LACCEI Academic Merit Medalist 2011

Dr. Miguel Jose Escala Figueredo
Awarded 2011 LACCEI Academic Merit Medal on Thursday August 4, 2011

LACCEI has awarded the Medal of Merit Scholar LACCEI 2011 to Dr. Miguel Jose Escala Figueredo for his leadership in improving teaching technology in the Caribbean in his role as Rector of the Technological Institute of Santo Domingo, INTEC and for his leadership in establishing the accreditation system GCREAS.

Dr. Miguel J. Escala, is Rector of the Technological Institute of Santo Domingo, INTEC in Dominican Republic since August 2005. He graduated in Psychology from the Autonomous University of Santo Domingo in 1974, joining  later the faculty of this prestigious institution. He graduated from the first graduate program in Psychology offered in the Dominican Republic obtaining his graduate degree in Educational Psychology from INTEC in 1980. Later, he received his Master and Doctorate in Education at Penn State University, majoring in university management. In 2006, he received one of 20 awards given by  Penn State to outstanding graduates. 

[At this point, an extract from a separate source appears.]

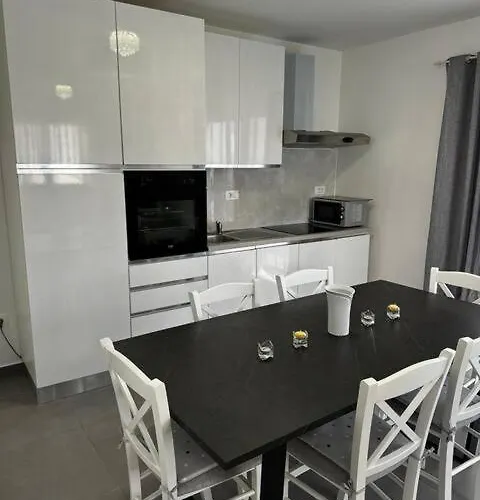 Lägenhet Denis S Vrtom I Parkingom, - Saraje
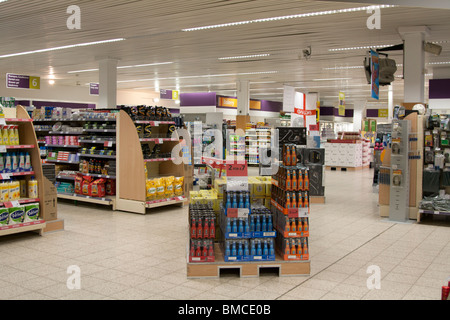 La marine britannique, l'armée et la Force aérienne (instituts) NAAFI Supermarché - Rheindahlen complexe militaire - Mönchengladbach - Allemagne Banque D'Images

As Rector, he accepted that INTEC was the project executing agency to develop an accreditation system of engineering for the Gran Caribbean with funds from the Inter-American Development Bank and he gave his full support to this initiative. The project is known by its acronym in English, GCREAS. He was a member of the Driving Committee Project and is the Treasurer of the Agency already incorporated. During his tenure as Rector of INTEC, he has established agreements with Penn State University, the Polytechnic University of Valencia, and the University of Miami among others  for the development of articulated programs in engineering and  has encouraged the participation of INTEC in several networks linked to engineering education. He promoted a meeting with the support of IESALC of technological universities in Latin America and the Caribbean, which resulted in a network which he chaired for three years. He promoted exchanges between technological universities the Gran Caribbean. 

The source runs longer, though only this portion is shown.